High Dividend Growth
I put the rest of the capital to work to add shares of American Tower (AMT) at $187.04, Texas Instruments (TXN) at $153.18 and Mastercard (MA) at $303.89. The big purchase here is TXN. I was able to catapult TXN into my top ten finally! As noted above, trying to get TXN into my top 10 through savings and reinvestments is like turning a boat, you have to prepare long in advance. My planned purchases/reinvestments would get TXN there sometime next year. This allowed me to get TXN there much earlier. The reason I didn’t dump more is because I plan to continue to add through reinvestments and didn’t want to get to the point where TXN got too big too quickly. AMT and MA companies I want to own more of, and I recently added to these via dividend reinvestments last month.
Conclusion
I’m very happy with this mix of stocks. The high yielders, core dividend growth, and high dividend growth companies give me a higher forward income with higher growth prospects than if I kept the ETF in the portfolio. Moving forward, I have two more large (much larger) ETF positions that I’ll look to divest at some point, but since they are US-focused ETFs, I’m in no rush to let them go. I have no plans to sell any covered calls on these and will likely sell once they’ve received more dividends and I can rotate into some beaten-down stocks with higher yields.

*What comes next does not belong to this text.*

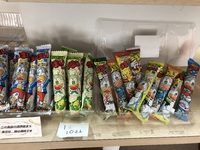 うまい棒　税込み10円！値上げ前にいかがですか！ 2022/01/31 10:12:26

What I hope readers take from this is the need to have a long-term vision to where you want your portfolio to be. I encourage everyone to sit down and look at your portfolio and figure out what positions you want in your top three or five and make a road map to get there. Then be OK when that doesn’t happen when some other company takes off. Have a plan and stick to it and be thoughtful and deliberate with your capital.